I was always taught to bring a solution along with a problem. The solution is simple, stop government loans and grants to college students. Cold turkey. The big ten won’t be the BIG anymore, it will go back to being the Big Ten. At least 5-6 colleges in the conference will close. Before they close, they will engage in one hell of a price war. Tuition will drop like a rock to attract those applicants who can pay the freight or get a private loan from a bank. Costs will get cut to the bone. Professors will be driving the taxis instead of new graduates. Thousands of unnecessary administrators across hundreds of colleges will be flipping burgers. Admission standards will drop along with the tuition. Right now high school graduates in Illinois can’t get in the University of Illinois since standards are set high to attract out-of-state students who pay more to go there.
In my business, there were 80,000 retail gasoline outlets that closed in the 70’s. They were the traditional two bay repair outlets that were family owned and operated. Most of the income came from repairs and sales of non-gasoline automotive items like tires and batteries. They were like today’s colleges, inefficient and way under capacity. When the government got in the gasoline business, with Jimmy Carter, there wasn’t enough allocations from Jimmy to keep them afloat. Lines were prevalent at all outlets and owners of the real estate, usually not the operator, decided to sell the property. Self-serve knocked out more and today 80% of retail gasoline is done through convenience stores. The market drove efficiency and low prices dictated high volume.

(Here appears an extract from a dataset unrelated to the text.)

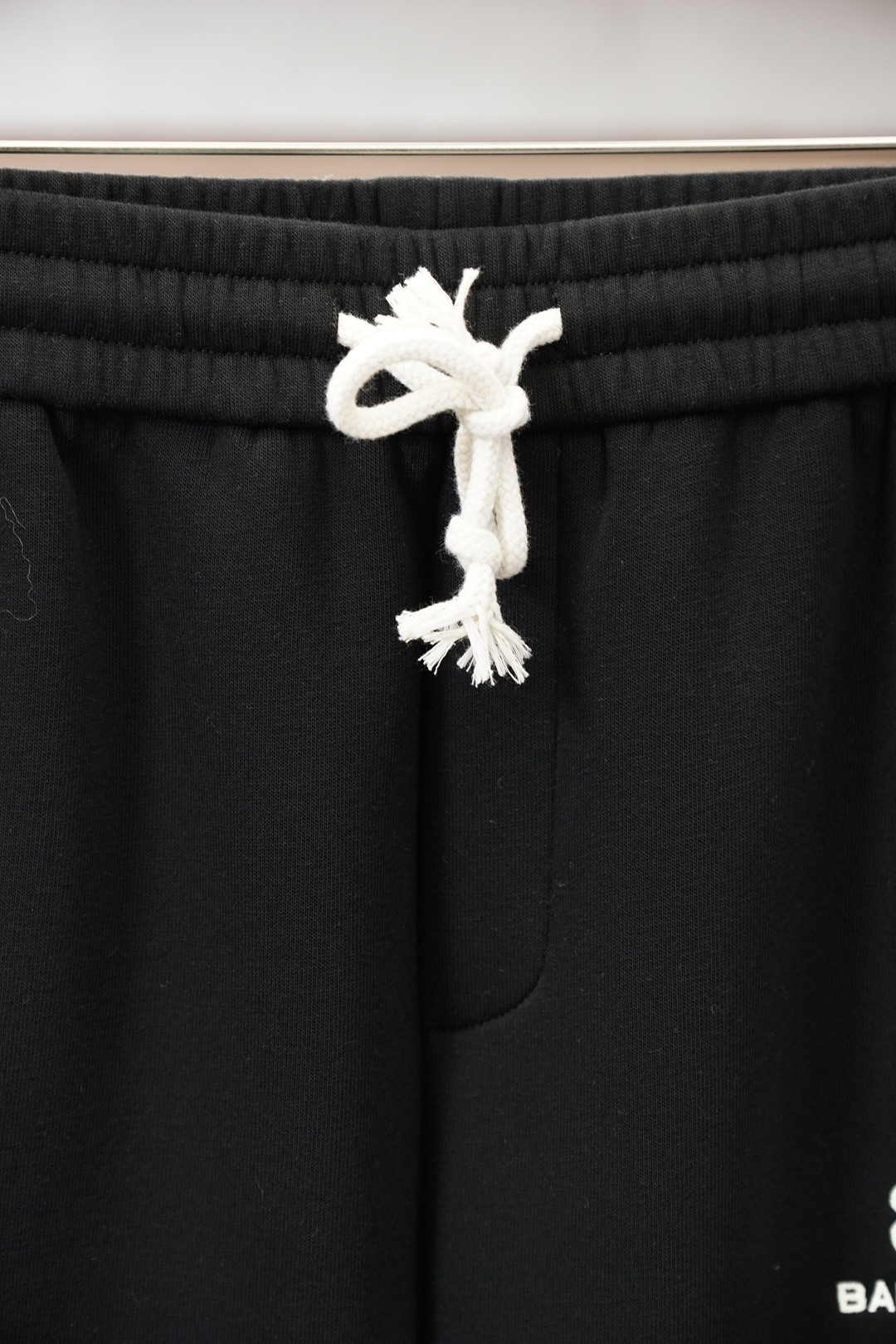 巴黎世家-25秋冬 🌟🌟男士精品休闲直筒裤史上最强修饰腿型拉长身材比例，.意大利🇮🇹进口面料，🩷🩷最新款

Only market conditions, not artificial market conditions supported by government money from your taxes, will fix the tuition problem. Take the government out of the equation and the problem will leave with the government. Kids who are going to college and shouldn’t will stop going. Kids who should will find a way to go and pay. Colleges will find themselves in a competitive business for the first time. Business people will be hired to run them instead of academics. Presidents will have accountability to balance budgets and survive. Colleges that don’t change will go away. Boulla boulla for old Sam Houston Institute of Technology, if the rich alums want it around they will have to pony up to keep it going, just like they do for the football team now. Title nine sports, gone. When the school is trying to survive lot’s of things will change.

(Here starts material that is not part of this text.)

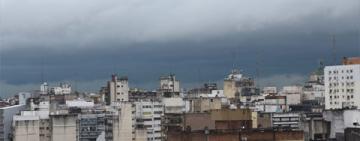 Rosario continúa bajo alerta naranja por tormentas durante la mañana de este domingo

It wasn’t easy watching 80,000 retail outlets disappear and all the dealers and company people who supported that system. Change is never easy, but necessity is the mother of invention and necessity is here knocking on the doors of all of our nations’ colleges. Time to let her in.
Here are some statistics about student loans to set your teeth on edge. Student loans have a provision called forbearance. It just takes a phone call to get forbearance. It means borrowers can postpone payments for up to three years. Forbearance has hit the $125 billion mark. That’s 16% of the loans in repayment. But, there’s another little deal being promoted by the Obama administration called income-based repayment. Borrowers with income below 150% of poverty make zero payments. Now some 24% are in the income-based or the Pay as You Earn plans, or $115 billion of the outstanding loans. Despite these programs, which now add to 40% of the borrowers, the number in default is 19.8% or 7.1 million borrowers or $103 billion in loan balances. So more and more loans are being made for larger and larger amounts while more and more borrowers have stopped paying through government sponsored plans to do so or have just stopped paying period. This is your bank, it’s your tax dollars being loaned. How do you like the way it’s being run?

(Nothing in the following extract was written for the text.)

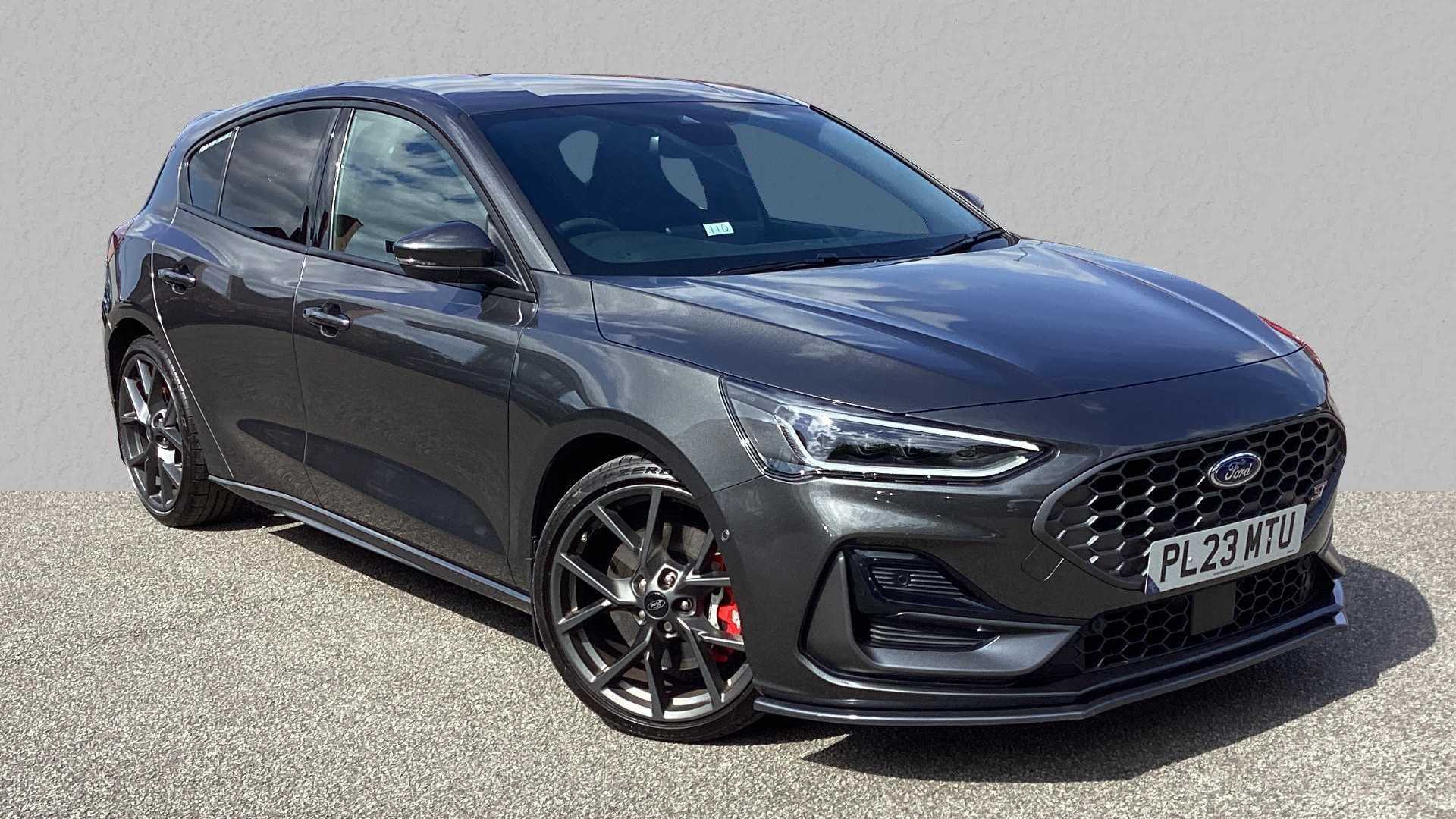 Main listing image - Ford Focus ST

I promise no more tuition blogs for a few weeks.
Right on. My thoughts and beliefs exactly. A lot has to change when it co es to college tuition. My children can afford whatever it takes for their children’s college expenses. But these high costs have to top. Everything is totally out of “wha k”
Right on. I applaud your hard facts supporting the ppoints you make. Thanks
Karen and. Jerry. Van. Hoose
Bill, I hope you’ve sent a copy of this to Gov.-Elect Rauner’s campaign committee, because this is precisely the type of innovation they need to hear. Please, keep up the good work on behalf of IL taxpayers and future-taxpayers (i.e. students). If we’re ever to see education reform in this backwater of a state, it will have to come from the business community, because the academics simply haven’t a clue.